# GOAL OF THE EXERCISE
Would you restate, word for word, only the lines starting at the one with "PJ Set Mahjong Queen Dreams" and ending with the final line of the entries below? Pictures stay out.

=====

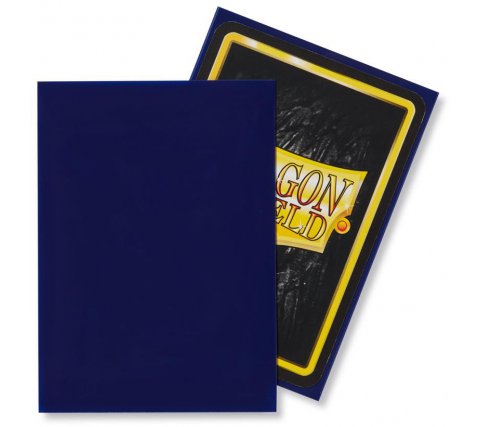 Dragon Shield Sleeves Classic - Night Blue - Standard Size - 60 stuks
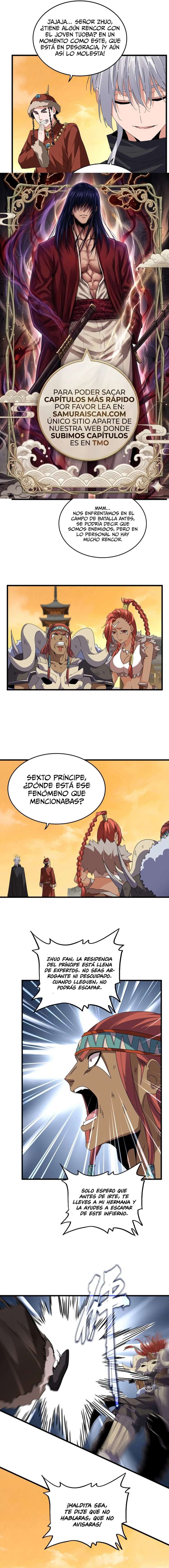 Read Emperador Magico ES Manga Online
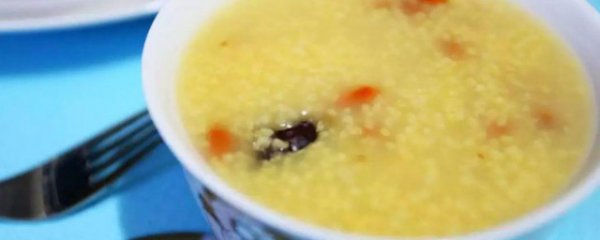 红糖小米粥的做法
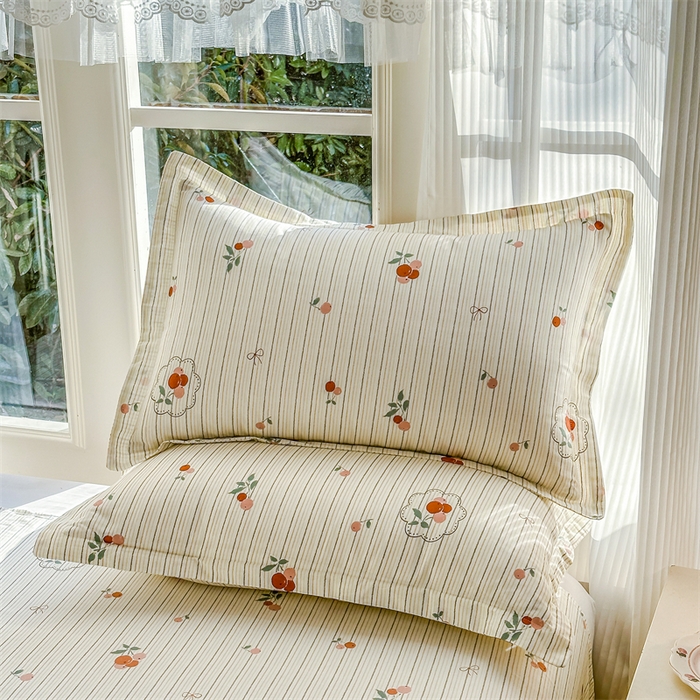 91家纺网 家纺一手货源 找家纺 帛织澜家纺 2026新款A类新疆全棉纯棉12868单品印花四件套（预留缩水，提供质检报告） 果奇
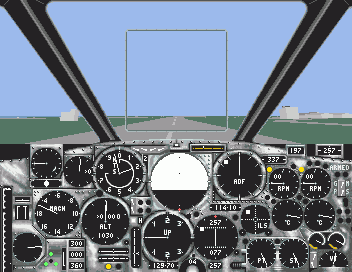 Jet Pilot  in-game screen image #1 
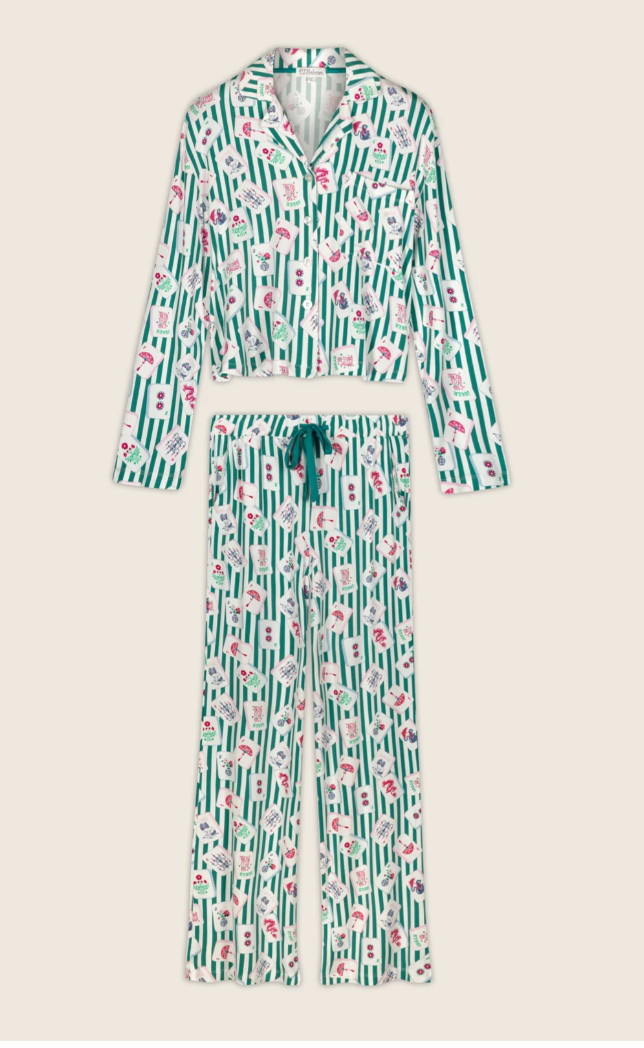 PJ Set Mahjong Queen Dreams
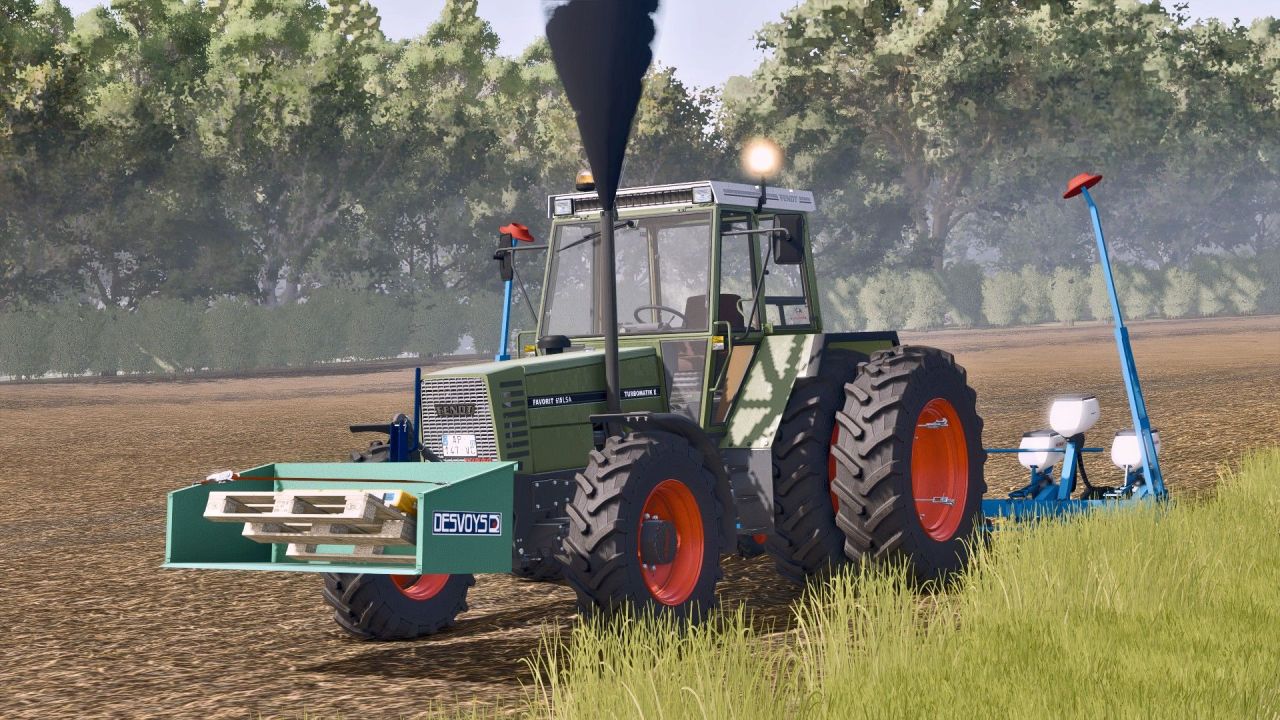 Новий Realistic Shader для Farming Simulator 25 — Кінематографічна Графіка та Реалістичне Освітлення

=====

# RESPONSE
 PJ Set Mahjong Queen Dreams
 Новий Realistic Shader для Farming Simulator 25 — Кінематографічна Графіка та Реалістичне Освітлення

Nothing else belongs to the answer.